The EU Digital Omnibus cleared the European Parliament's internal market and civil-liberties committees on Tuesday 2 June by 93 votes to four with 15 abstentions, sending it toward a final plenary vote and formal adoption before 2 August 1. The Digital Omnibus is the legislative package bundling amendments to the AI Act and related laws under a single simplification framework, and the European Parliament is the EU's directly elected legislature.
The contested provision is the employer AI-literacy duty: the obligation on firms deploying AI on or alongside staff to ensure those workers understand how the systems operate. The committee text does not delete it. It downgrades the binding requirement to a non-enforceable duty to support worker understanding, swapping a statutory right for a soft encouragement with no legal force behind it. The wording change does the work here: a binding 'ensure' carries documentation, explanation and appeal pathways, while a non-binding 'support' carries none.

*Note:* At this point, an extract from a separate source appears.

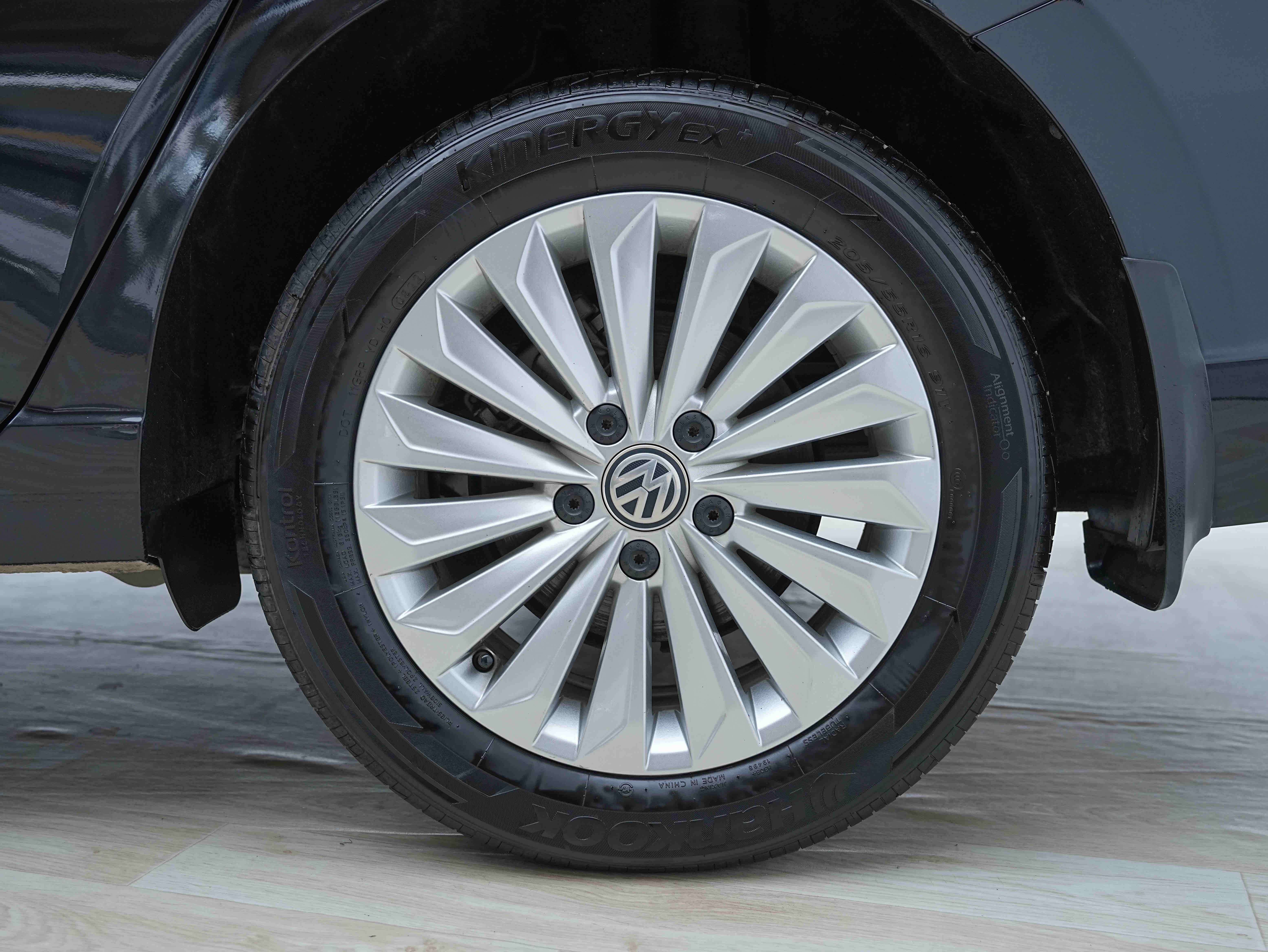 Volkswagen Lavida 2019 #21 Volkswagen Lavida 2019 car image #21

The step sits inside an arc this desk has followed. The 7 May provisional deal had already weakened the binding obligation , reached after the second trilogue collapsed on 28 April , and the package was awaiting formal votes through May . The committee approval now advances the diluted text to the floor. The high-risk employment rules under the AI Act remain fixed, but they do not arrive until December 2027.
The International Labour Organisation, the UN's labour agency, placed 3.3% of the world's workforce in its highest AI-exposure band, a narrow group but a real one. For those workers, the tool to ask how a system was judging them survives in name but no longer carries the force to compel an answer, and the binding rules that might have replaced it are eighteen months away.